How much memory is available on each node?

Because the OS and other system processes (e.g. GPFS managment) already use certain amount of memory, not all physical memory is avaiable for running jobs. In general, ACCRE nodes contain anywhere from 22GB – 248GB of available memory for jobs to use.

How do I request a node for exclusive usage?

To request a node for your private use, use something like the following:

#SBATCH --ntasks=12
#SBATCH --exclusive

in your job submission script. If the job does not require exclusive access to the node (it just needs 8 cores), you can still use:

#SBATCH -ntasks=8

Note that in this case, the job can be assigned to an 8-core, 12-core, or 16-core node that is shared with other jobs. Note that requesting exclusive access to a compute node may result in longer queue times.

Do ACCRE compute nodes support hyperthreading?

All ACCRE CPUs support 2-way simultaneous multithreading (SMT), such as Intel hyperthreading. If you request 2 tasks/cores in your SLURM job, SLURM will allocate 2 physical cores (or 4 logical cores) to your job. However, the user must decide whether to make use of hyperthreading or not, and instruct his/her program to do so. We leave hyperthreading enabled on all but our GPU nodes. Many multi-processor applications can take advantage of hyperthreading to run in significantly less time.
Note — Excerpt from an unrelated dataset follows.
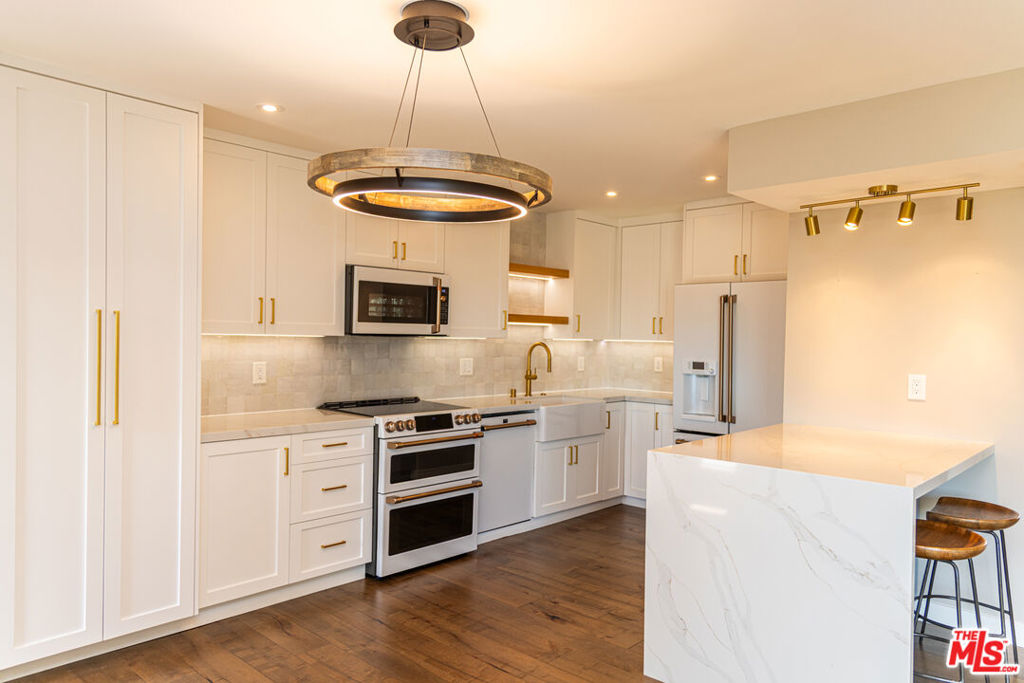 Welcome to 970 Palm Ave, Unit 306, Bathed in natural light, this sophisticated south-facing residence redefines elevated living. Perched on the top floor with sweeping city views, the home features an open concept design that seamlessly blends elegance and functionality. The gourmet kitchen is a statement of refined taste accompanied by striking quartz countertops, a designer-tiled backsplash, and Cafe line appliances complemented by gold-accented hardware. Every detail exemplifies modern luxury with timeless appeal. Resort inspired amenities extend your living space outdoors, with an eight-foot-deep pool, soothing spa, and a beautifully appointed BBQ area ideal for sun-soaked afternoons or evening gatherings. Water and trash are included, allowing for effortless living. This residence is the perfect balance of design, comfort, and city sophistication.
Please see this link for more information on hyperthreading.

If I belong to multiple groups, how can I define the group name under which my job is to run on the cluster?

You can add the following line in your SBATCH script: #SBATCH --account=. Here, mygroup is the group name that you want the job to run under.

How do I checkpoint my job?

If your job runs more than a few hours, it is a good idea to periodically save output to disk in case of failure. We current do not provide any checkpointing integration through SLURM, so any checkpointing must be performed directly from a user's application.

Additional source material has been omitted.